The most interesting fact is that Beaver Creek, which was built by Vail, 18km (11 miles) away to the east, to be “America’s most elegant resort”, is located in the territory which Vail’s founders had chosen as first choice for Vail itself. However, back then in the 1950s, the rancher who owned the land was happy with his lot and didn’t want to sell. It was 16 years later, in 1972, that Vail, by then one of North America’s leading resorts, succeeded in purchasing the land where Beaver Creek now sits. Work began in 1977 and, since the resort’s opening, it has become the epitome of the general popular perception of high class, high taste lodging, dining and other facilities with an exceptionally well designed resort and lift system.
In conjunction with Vail, Beaver Creek has hosted the Alpine World Championships three times in its short history, most recently in 2015, another unique achievement. The ‘Birds of Prey’ downhill course constructed for the event has quickly established itself as the toughest downhill in North America and on a par with the classic Alpine world cup runs, generally perceived as tougher than anything North America could offer prior to this new run opening. ‘Birds of Prey’ is now considered one of the top three downhills in the world.

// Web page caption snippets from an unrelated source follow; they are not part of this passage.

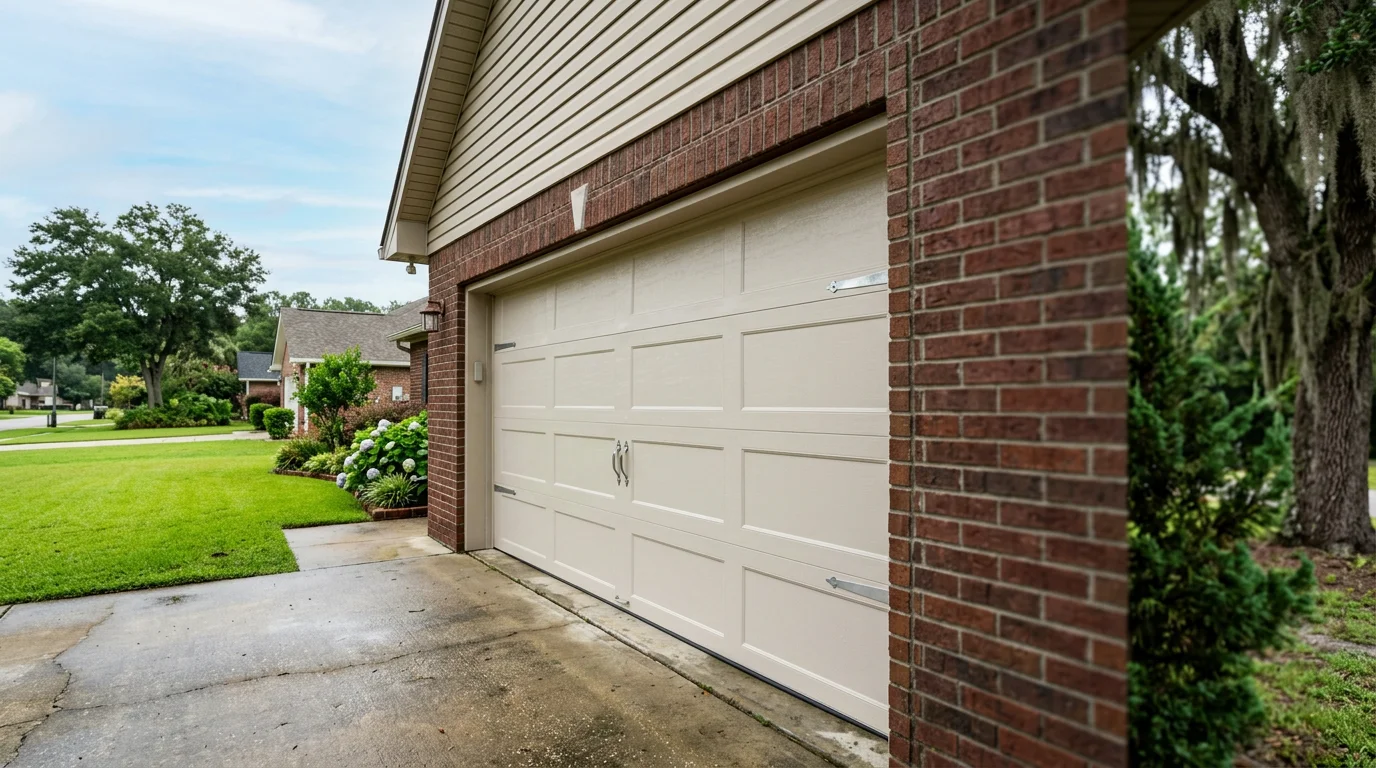 Residential garage door in Robertsdale, Alabama with rust-resistant hardware and protective coating for humid climate durability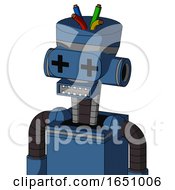 Blue Robot With Vase Head And Square Mouth And Plus Sign Eyes And Wire Hair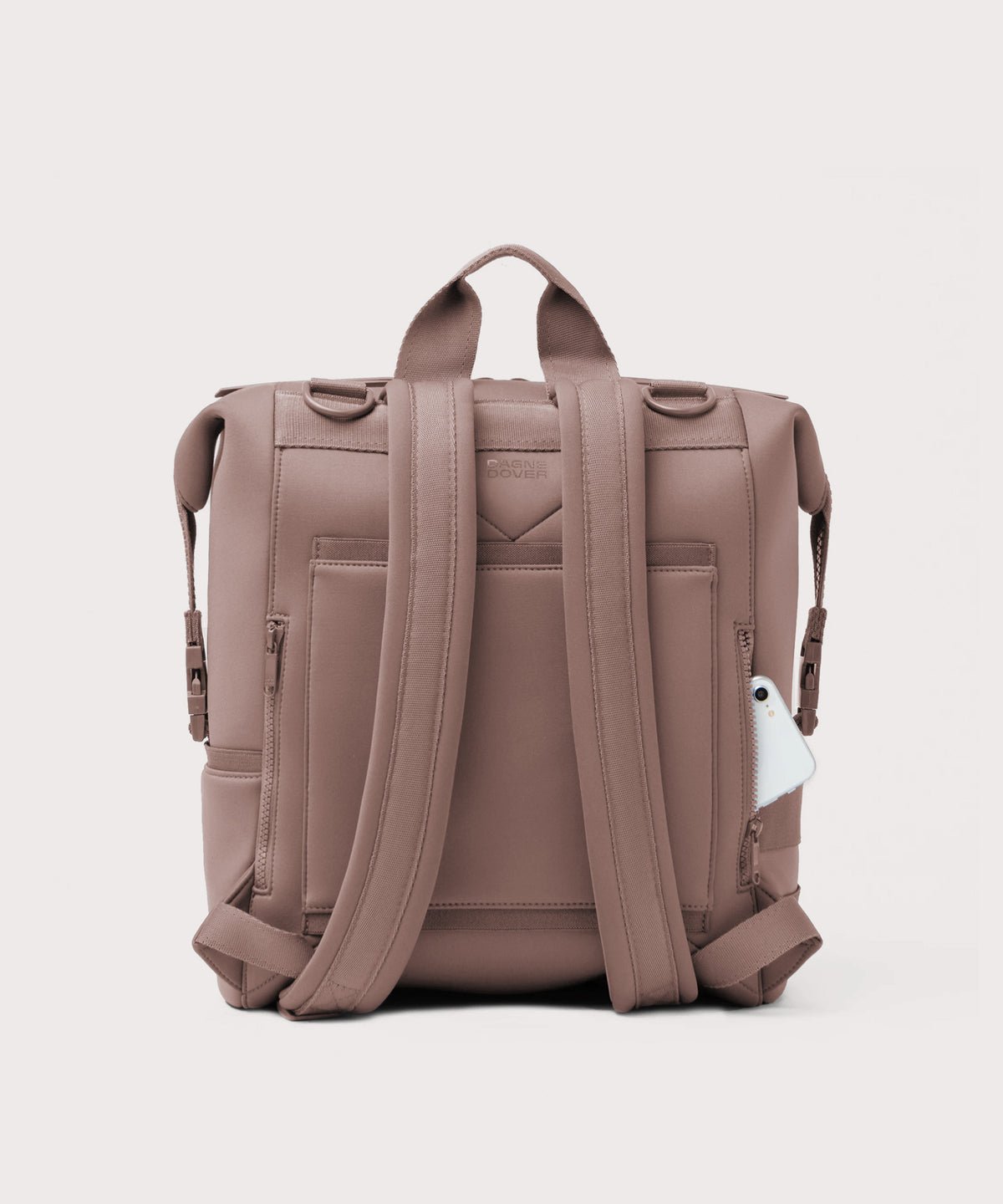Dagne Dover Large Indi Diaper Backpack in pink seen from the back
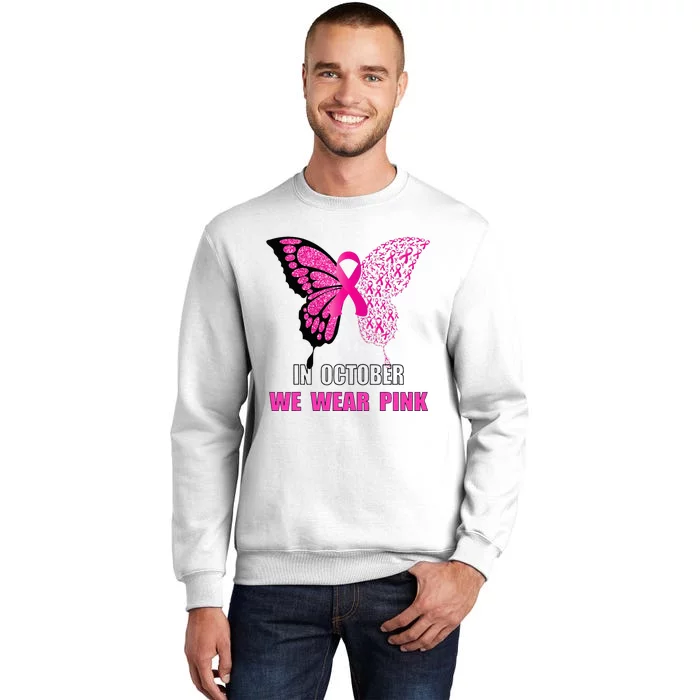 In October We Wear Pink Butterfly Breast Cancer Awareness Sweatshirt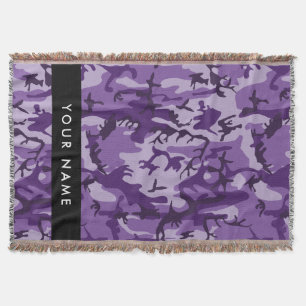 Purple Camouflage Your name Personalise Throw Blanket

Beaver Creek also claims to offer ‘European style village to village skiing’ – a rare phenomena in North America where only Stowe and Smugglers Notch in Vermont are as yet linked together by ski lifts, although others could if they chose to be. In Beaver Creek’s case the ‘villages’ it is linked to (Arrowhead and Bachelor Gulch) have had to be built from scratch by Vail, just like Beaver Creek.